Could you restate every entry word for word, leaving the pictures out?

Task inputs:
* * *

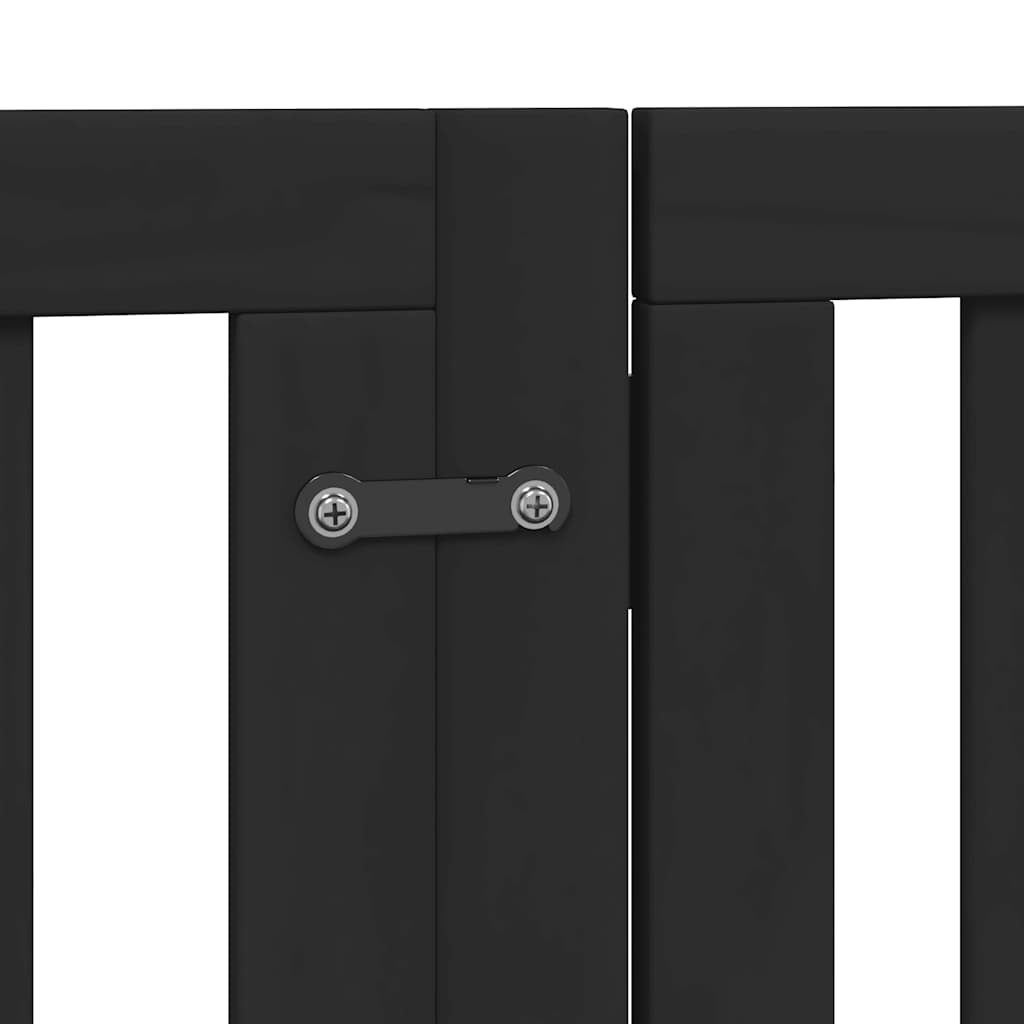 Cancello Cani Porta Pieghevole Nero 15 Pannelli 750 cm Pioppo | homemem39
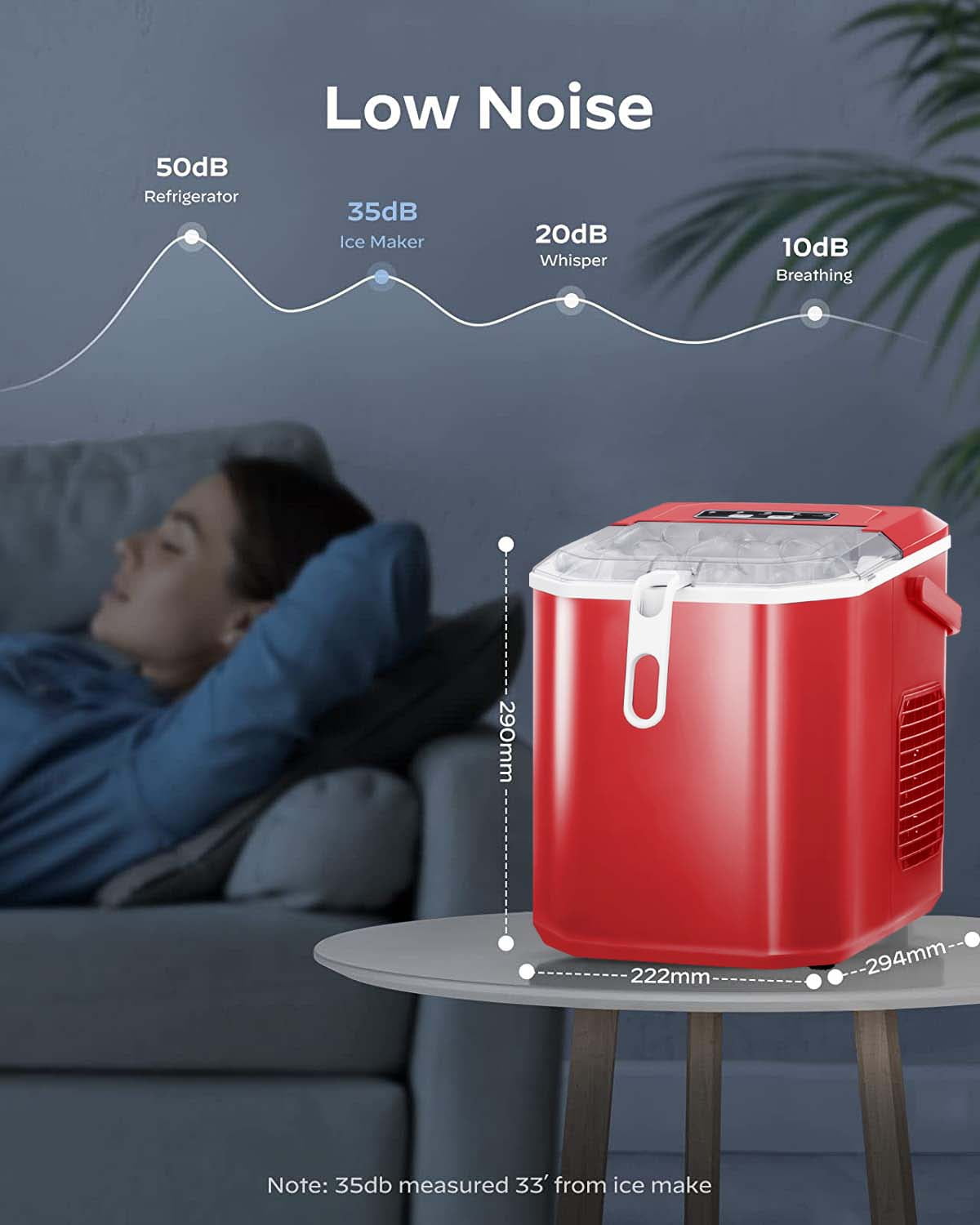 Fabricadora de hielo portátil o para colocar en la encimera que produce 26 libras de hielo al día (Rojo)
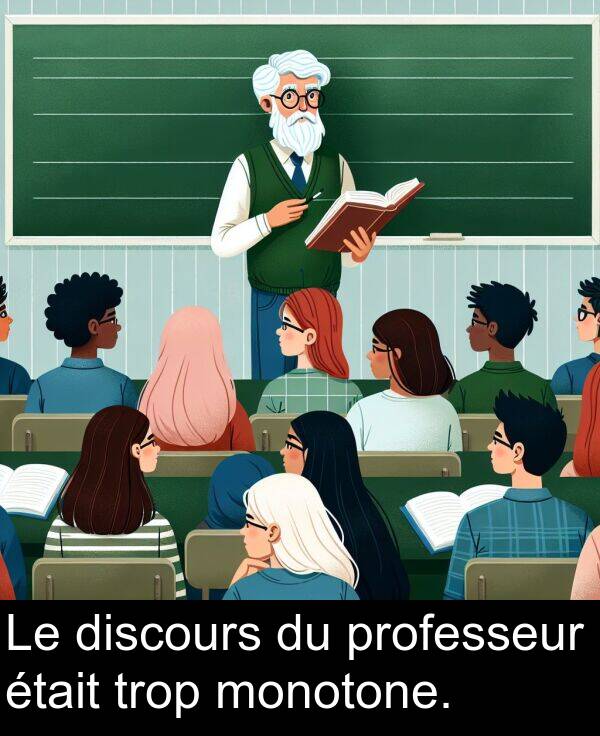 trop: Le discours du professeur était trop monotone.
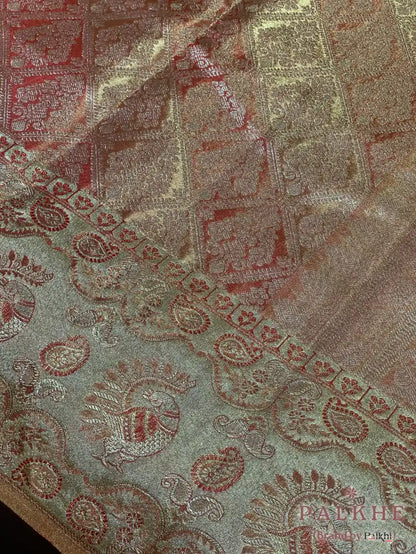 Rust Kanjivaram Floral Jaal in Pure Tissue Silk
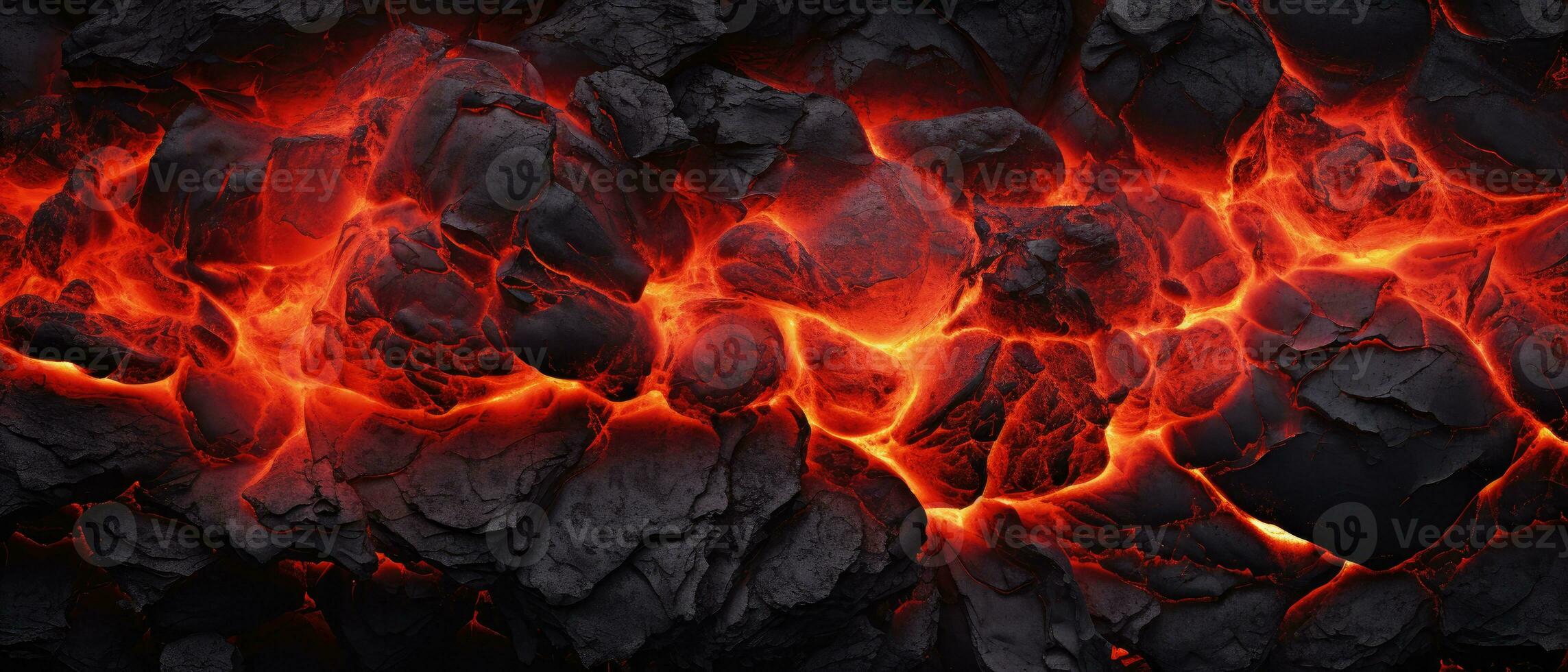 Hot glowing volcano lava, black orange heat background, AI generated photo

* * *

Answer to this exercise:
 Cancello Cani Porta Pieghevole Nero 15 Pannelli 750 cm Pioppo | homemem39
 Fabricadora de hielo portátil o para colocar en la encimera que produce 26 libras de hielo al día (Rojo)
 trop: Le discours du professeur était trop monotone.
 Rust Kanjivaram Floral Jaal in Pure Tissue Silk
 Hot glowing volcano lava, black orange heat background, AI generated photo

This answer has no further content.